After eating breakfast, Juan prepares 100 pounds of moist clay from dry powder. He mixes the fibers of ten cattails into the clay. Then he divides the total into five twenty pound "loaves." He kneads the first loaf on the cement floor using clay powder to prevent sticking.

Then he uses his foot to compress and expand the "loaf" into a thick "pizza." His toes remain on the outside as he spins around the "pizza" forcing the clay to the outside.  
Then he uses his handheld stompter to compress and further expand the "pizza." The stomper also eliminates any ridges remaining from this footwork. Clay powder is again used to prevent sticking.
Then he lifts the "pizza" on to a dusted form. Using his hands, he brings the clay to hug the sides of the form. Then, using the stomper, he gradually expands the clay to cover the sides down to the floor. Using a wet rag, he gives the outside a smooth finish.
Using a cutter, he trims the bottom evenly. Then he raises the bottom edge from the form and, using a wet rag, gives the edge the form of a contoured and reinforced lip.  
The cooking pot is then dried in the sun on the form. It is turned every half-hour. After a few hours, it is lifted from the form, turned over, and the sun dries the inner surfaces. Then a wet rag is used to smooth the inner surfaces, and handles are attached. The cooking pot is dried in the shade of the shed resting on a sand nest that has the contour of the convex bottow. It is covered in plastic and dried for three days. When bone dry, it is placed in a adobe brick kiln and wood fired.  

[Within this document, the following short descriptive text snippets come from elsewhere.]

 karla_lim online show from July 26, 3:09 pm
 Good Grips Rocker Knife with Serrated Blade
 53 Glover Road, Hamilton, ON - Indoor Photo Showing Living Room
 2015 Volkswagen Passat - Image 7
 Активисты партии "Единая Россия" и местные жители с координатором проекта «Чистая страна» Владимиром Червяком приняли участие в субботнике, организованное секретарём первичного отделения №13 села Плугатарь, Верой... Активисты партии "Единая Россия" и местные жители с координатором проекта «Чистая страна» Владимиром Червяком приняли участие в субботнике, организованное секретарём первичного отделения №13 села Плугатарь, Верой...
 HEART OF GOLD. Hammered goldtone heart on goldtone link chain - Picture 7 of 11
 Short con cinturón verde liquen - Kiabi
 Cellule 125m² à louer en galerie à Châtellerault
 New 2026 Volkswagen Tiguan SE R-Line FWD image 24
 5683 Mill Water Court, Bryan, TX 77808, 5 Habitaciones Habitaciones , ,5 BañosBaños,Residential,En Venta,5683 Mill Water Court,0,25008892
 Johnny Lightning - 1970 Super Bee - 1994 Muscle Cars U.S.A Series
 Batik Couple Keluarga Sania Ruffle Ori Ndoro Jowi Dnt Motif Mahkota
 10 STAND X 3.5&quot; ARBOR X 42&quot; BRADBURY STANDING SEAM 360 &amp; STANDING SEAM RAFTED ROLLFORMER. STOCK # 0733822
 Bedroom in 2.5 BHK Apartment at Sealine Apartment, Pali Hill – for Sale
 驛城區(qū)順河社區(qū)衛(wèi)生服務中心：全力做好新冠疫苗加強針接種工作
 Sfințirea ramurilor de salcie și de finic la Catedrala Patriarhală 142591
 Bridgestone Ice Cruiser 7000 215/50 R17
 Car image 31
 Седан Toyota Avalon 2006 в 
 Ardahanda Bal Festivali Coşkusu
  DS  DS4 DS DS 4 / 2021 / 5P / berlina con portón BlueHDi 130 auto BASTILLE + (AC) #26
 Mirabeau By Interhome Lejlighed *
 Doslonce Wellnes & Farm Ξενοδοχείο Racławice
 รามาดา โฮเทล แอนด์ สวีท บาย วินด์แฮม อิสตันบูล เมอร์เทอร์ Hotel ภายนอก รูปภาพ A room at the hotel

Making a Storage Container

A vessel for storing grain or liquids is made in two equal sections and then joined together with a rope of fresh clay being used as "mortar." Once the two halves are securely joined, a smooth wet stone removes all signs that the two halves were joined.

The results are perfectly round and masterfully contoured for both strength and beauty. Dry pots are bisqued, glazed, and then given their final firing.